Segment Open
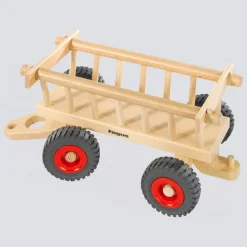fagus Heuwagen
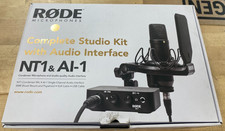Rode nt1 complete for sale  Cartersville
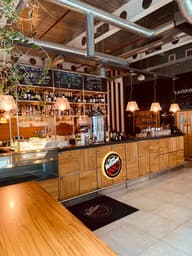 Team Building Venues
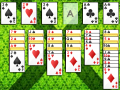 遊戲Alternation Solitaire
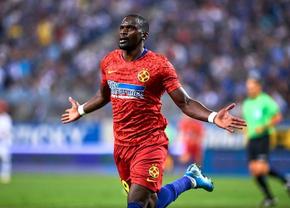 Rapid a bătut palma cu fostul atacant din Superliga » A rezistat numai 3 meciuri la FCSB, a devenit campion al Africii și a evoluat ultima oară în Vietnam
Segment Closed
__TASK__: Please return all of the material above exactly, minus any pictures.

__RESULT FOR THIS EXERCISE__:
fagus Heuwagen
Rode nt1 complete for sale  Cartersville
 Team Building Venues
 遊戲Alternation Solitaire
 Rapid a bătut palma cu fostul atacant din Superliga » A rezistat numai 3 meciuri la FCSB, a devenit campion al Africii și a evoluat ultima oară în Vietnam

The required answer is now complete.